The editorial board did acknowledge that the study shows correlation and not necessarily causation, which makes them at least somewhat more responsible than just about every single other journalistic entity that wasn’t expressly pro-gun or right-leaning on some level who has talked about the study.
However, they also argue that something like a mandatory storage law doesn’t interfere with anyone’s right to own a gun, which, while true, is disingenuous, too. It may not keep me from buying a gun, but it can keep me from accessing it should I need it. Especially as some of those laws are ramped up in other states.
What bothers me, though, is that they’re still acting like the only way to protect children is to enact gun control, and their inability to understand the issues with this study just makes it more insulting. Especially as the problems with it are rather obvious.
This is just a continuation of the idea that if you don’t support gun control, you don’t care about addressing violence, accidents, child safety, or what have you.
That’s nonsense, and it’s insulting.
First, laws like mandatory storage laws aren’t necessary.

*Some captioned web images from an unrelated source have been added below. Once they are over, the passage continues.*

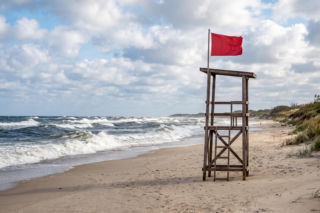 Sinice Mielno. Czy w Mielnie można się kąpać 28.07? Flaga, warunki pogodowe
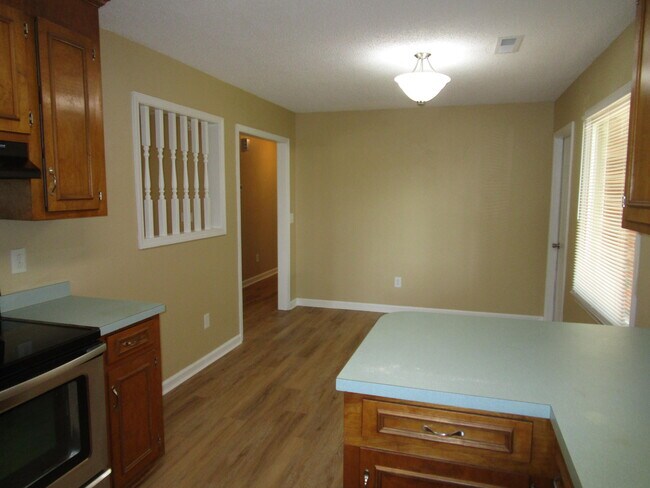 Building Photo - 1320 Race Track Rd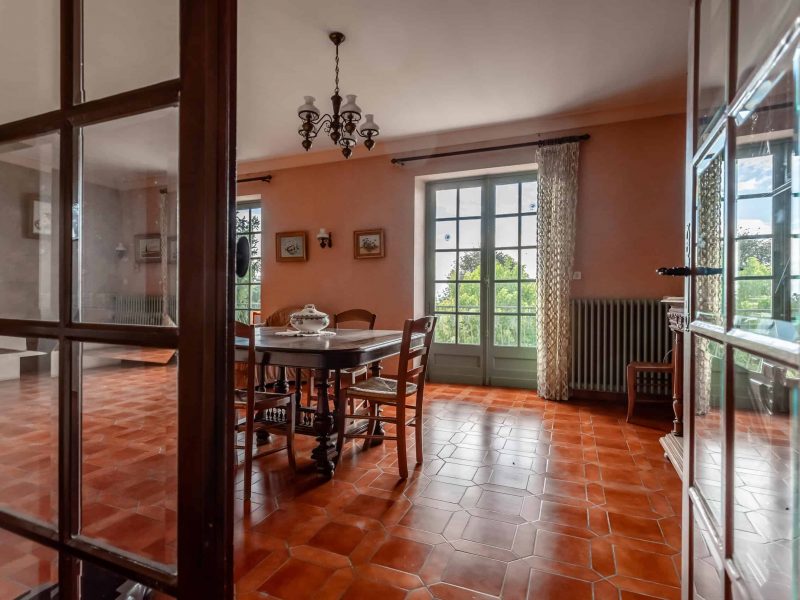 Diningroom-WMC477 (1)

For one thing, as we’ve seen in recent years, parents can be prosecuted when a child accesses a gun and commits some kind of illegal act. A storage law won’t change that, except to dictate how people have to secure it, with no regard for any other factors. We’ve seen too many cases of kids getting guns in mandatory storage states to believe such laws really do anything except make it harder for law-abiding folks.
Second, there are other ways to accomplish the goal that don’t interfere with how someone intends to use their firearms. Tax credits for gun safes and other storage devices, for example, encourage proper storage without mandating anything. Educational efforts do as well. Couple those together, and you have a powerful tool that isn’t restrictive in the least.
Especially as allowing any level of gun control isn’t ever going to be the end of it. The moment it happens, anti-gunners immediately start looking at how to leverage that in order to take even more.
I don’t believe gun control works to keep children safe. I believe responsible gun ownership does, and no law can mandate that.
Saying that failure to support gun control means you don’t care about kids is offensive to someone who cares more about protecting children, and not just from nebulous threats no one can quantify.
But hey, offending people is a one-way street, isn’t it?